Als wir schließlich denken, wir hätte alles erlebt, was es auf so einer Tour zu erleben gibt, sprich wir könnten unser Ding nach Hause fahren und uns auf unseren Finisher-Champagner freuen, werden wir unsanft daran erinnert, dass wir keine Rundtour aus Spaß fahren, sondern dass wir auf einer Regatta sind! Ein konkurrierendes Boot hat sich im Schutze der Dunkelheit an uns herangepirscht und die schwach leuchtenden Steuer- und Backbord-Markierungen nähern sich uns immer mehr. Wir müssen reagieren und erhöhen sowohl Schlagzahl als auch Kraft und jeder mobilisiert Kräfte, Motivation und Ehrgeiz (schließlich sind wir ja alle Rennruderer und somit auf eine gute Platzierung aus), von denen er denkt, dass er sie spätestens seit Evian nicht mehr hat, und wir schieben unsere „Weserstein“ mit jedem Schlag und gefühlten Kraftakt, der eines eigenen Artikels Wert wäre, Meter um Meter näher an das inzwischen sichtbare Ziel, Genf! Während wir so mit dem konkurrierenden Boot um jeden Meter kämpfen, schieben wir uns langsam an ein weiteres, vor uns liegendes Boot heran und sind schließlich alle drei gleich auf. Spätestens jetzt sind wir wieder alle wach und wollen mehr! Leider bringt der motivierteste Geist nichts, wenn der seit 16 Stunden geschundene Körper nicht mehr geben kann und wir müssen akzeptieren, dass wir unseren Schlusssprint nicht 20km vor dem Ziel hätten einleiten sollen.

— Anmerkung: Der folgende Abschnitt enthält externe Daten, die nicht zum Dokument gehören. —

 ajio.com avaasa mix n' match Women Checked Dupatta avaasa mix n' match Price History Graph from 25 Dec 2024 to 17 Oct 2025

Schlussendlich kommen wir nach 16 Stunden und 40 Minuten, um 23 Uhr 50 in Genf an und gelangen auf Platz 16 von 26 teilnehmenden Booten. Damit haben wir uns als komplettes Novizen-Boot ohne jegliche Langstrecken-Erfahrung ins solide Mittelfeld gerudert und sind am abschließenden Tag beim obligatorischen Drei-Gänge-Menu (natürlich inklusive Champagner) überglücklich und sehr stolz auf unsere Leistung. Trotz Schmerzen und zerschundener Hände wissen wir alle: Wir haben uns den „Tour de Léman“ Teilnehmer-Zinnbecher verdient!
Und bevor dieser Bericht endet, noch einen riesigen Dank an Susann Halliger vom Stuttgart Cannstatter RC, die uns über das komplette Wochenende begleitet, für uns gekocht, uns motiviert, die Anspannung genommen, die Autofahrt verkürzt, während der Tour um den See mit dem Fahrrad mitgefahren ist und uns die ganze Zeit angefeuert und uns nur so zu dieser Leistung befähigt hat. Ohne sie wäre das alles nicht möglich gewesen!